▶ **Task goal**:
The records follow. Copy each one exactly.

▶ **Task inputs**:
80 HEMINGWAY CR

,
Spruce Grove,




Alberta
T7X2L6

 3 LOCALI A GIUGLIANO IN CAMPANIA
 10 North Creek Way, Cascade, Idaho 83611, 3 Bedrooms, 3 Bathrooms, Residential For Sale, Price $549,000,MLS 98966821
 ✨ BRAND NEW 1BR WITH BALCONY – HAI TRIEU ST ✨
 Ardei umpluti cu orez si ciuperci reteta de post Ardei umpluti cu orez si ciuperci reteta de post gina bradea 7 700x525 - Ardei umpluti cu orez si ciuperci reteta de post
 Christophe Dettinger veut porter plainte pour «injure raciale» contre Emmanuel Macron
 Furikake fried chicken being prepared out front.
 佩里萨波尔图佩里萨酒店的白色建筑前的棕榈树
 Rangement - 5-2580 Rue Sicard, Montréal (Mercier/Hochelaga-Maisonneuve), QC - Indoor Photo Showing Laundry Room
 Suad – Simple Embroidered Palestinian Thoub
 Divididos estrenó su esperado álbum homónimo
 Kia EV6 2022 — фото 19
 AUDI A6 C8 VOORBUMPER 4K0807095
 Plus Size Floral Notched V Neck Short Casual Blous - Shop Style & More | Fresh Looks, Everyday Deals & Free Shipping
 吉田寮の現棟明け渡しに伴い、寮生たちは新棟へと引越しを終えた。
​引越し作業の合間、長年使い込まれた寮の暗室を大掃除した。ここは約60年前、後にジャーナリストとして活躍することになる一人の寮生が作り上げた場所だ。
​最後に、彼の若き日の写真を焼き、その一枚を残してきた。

▶ **Solution below**:
80 HEMINGWAY CR

,
Spruce Grove,




Alberta
T7X2L6

 3 LOCALI A GIUGLIANO IN CAMPANIA
 10 North Creek Way, Cascade, Idaho 83611, 3 Bedrooms, 3 Bathrooms, Residential For Sale, Price $549,000,MLS 98966821
 ✨ BRAND NEW 1BR WITH BALCONY – HAI TRIEU ST ✨
 Ardei umpluti cu orez si ciuperci reteta de post Ardei umpluti cu orez si ciuperci reteta de post gina bradea 7 700x525 - Ardei umpluti cu orez si ciuperci reteta de post
 Christophe Dettinger veut porter plainte pour «injure raciale» contre Emmanuel Macron
 Furikake fried chicken being prepared out front.
 佩里萨波尔图佩里萨酒店的白色建筑前的棕榈树
 Rangement - 5-2580 Rue Sicard, Montréal (Mercier/Hochelaga-Maisonneuve), QC - Indoor Photo Showing Laundry Room
 Suad – Simple Embroidered Palestinian Thoub
 Divididos estrenó su esperado álbum homónimo
 Kia EV6 2022 — фото 19
 AUDI A6 C8 VOORBUMPER 4K0807095
 Plus Size Floral Notched V Neck Short Casual Blous - Shop Style & More | Fresh Looks, Everyday Deals & Free Shipping
 吉田寮の現棟明け渡しに伴い、寮生たちは新棟へと引越しを終えた。
​引越し作業の合間、長年使い込まれた寮の暗室を大掃除した。ここは約60年前、後にジャーナリストとして活躍することになる一人の寮生が作り上げた場所だ。
​最後に、彼の若き日の写真を焼き、その一枚を残してきた。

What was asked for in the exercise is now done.